Carol Mayorga sat at a small table inside the Greene County Jail in Springfield, Missouri, on Wednesday morning. She appeared on screen via the jail's video visitation service, wearing a muted green jumpsuit, her eyeglasses framed by her black hair.
Mayorga, whose legal name is Ming Li Hui, has been detained in jail under U.S. Immigration and Customs Enforcement custody since late April. She'd traveled from Kennett, Missouri, her home for nearly two decades, to St. Louis for what she thought was a routine meeting to renew her employment authorization document.
The document, issued by the federal government, allows her to work legally in the U.S. and is set to expire in January 2026.
Originally from Hong Kong, Mayorga said she was used to the meetings.

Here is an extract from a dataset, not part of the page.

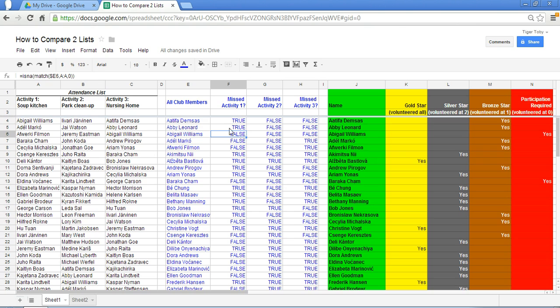So if Abby's name is not there it'll come up with true. In other words if Abby is missing in this list the output will be true.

But when she arrived, things were anything but usual.
After a brief meeting, Mayorga said a U.S. Citizenship and Immigration Services staffer told her she needed to stay at the office in St. Louis. She agreed in hopes of receiving her renewal that suddenly seemed in peril.
"I started to worry — I was over there so long," Mayorga said through a black telephone receiver in the jail. "I asked one officer, 'Can I go now?' because it was so late, and he said, 'No, no, no. You will stay here.'"
Nearly seven hours passed before ICE officers entered the room, placing the 45-year-old woman, whom many residents in Kennett described as a soccer mom, in shackles at the wrists, waist and ankles.
Mayorga said before she knew it, officers placed her in the back of a van with four male ICE detainees. When the doors shut, darkness swallowed the cramped space.

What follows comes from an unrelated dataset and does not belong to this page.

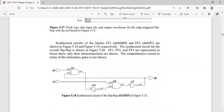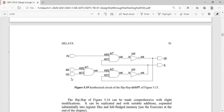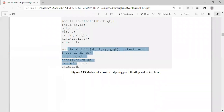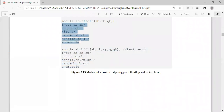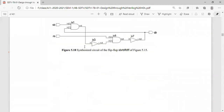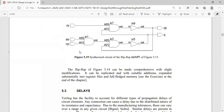Here we can see the synthesized circuit for these flip-flops. The SBRBFF_DFF total synthesized circuit is shown, along with the circuit for the SBRBFF flip-flop. We have the synthesized circuits for SBRBFF_DFF — one for FF2 and one for FF1. FF3 is the final stage which we have already used previously, just with some modifications.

Since Mayorga left her home in Kennett for her appointment, ICE officials have ping-ponged her throughout rural Missouri jails. She's expected to be deported to Hong Kong.
Her first stop was the Phelps County Jail in Rolla, where an ICE detainee recently took his own life. That stay abruptly ended in mid-May when ICE transported her to the Greene County Jail in Springfield. She said her lawyer told her the next stop is a plane to Hong Kong.
When asked for comment on Mayorga's detainment, ICE officials pointed to their inmate directory as a way to gather more information on detainees. Officials did not respond to a follow-up request for more information.
From the jail kiosk in Springfield, Mayorga spoke mostly of her children during the 30-minute call — fighting tears as she lamented missing her eldest son's recent eighth-grade graduation. She has two sons, ages 14 and 12, and a daughter, 7.
A smile appeared on her face as she gushed over her son's 4.0 grade-point average and an award one of her sons received at school.
"My middle son said, 'Mom, I miss you. … I wish you were here. It's different when you're not here,'" she said in fluent but sometimes broken English, taking off her black eyeglasses to wipe a tear away. "And say, 'If you need to go to Hong Kong, can we go with you?'"
Mayorga thought on the notion for a moment. When will she be deported to Hong Kong? Even her lawyer doesn't know.
"If I'm by myself (and) I live in the street, I think I can handle it by myself," she said. "But with my children … no."
She worried about her chances of seeing them again.
"I don't want to mix up their life," Mayorga said of her family. "They're doing so good here."
'A model citizen'
Back in Kennett, Mayorga's arrest shook the town of around 10,000 people, where she works at John's Waffle & Pancake House. The jail is more than four hours west of her home in Kennett, in the deeply Republican southeast corner of the state known as the Bootheel.
Residents of the town desperately want her back.
In interviews with the Midwest Newsroom, dozens of Kennett neighbors described her as a "hard worker" who held several jobs to support her family.
Others know her from soccer and baseball games, where her children played on local teams, or as a chatty mom who loved to catch up at the town's Walmart and at school events.
They grappled with the possibility that their favorite server, friend and fellow parent might never be home again.
"If you're looking for a model citizen — she works hard, she takes care of her kids, she makes sure they have everything they need," said Lisa Dry, a city council member who said she's known Mayorga since 2020. "I mean, to me, that's the kind of citizen we want here."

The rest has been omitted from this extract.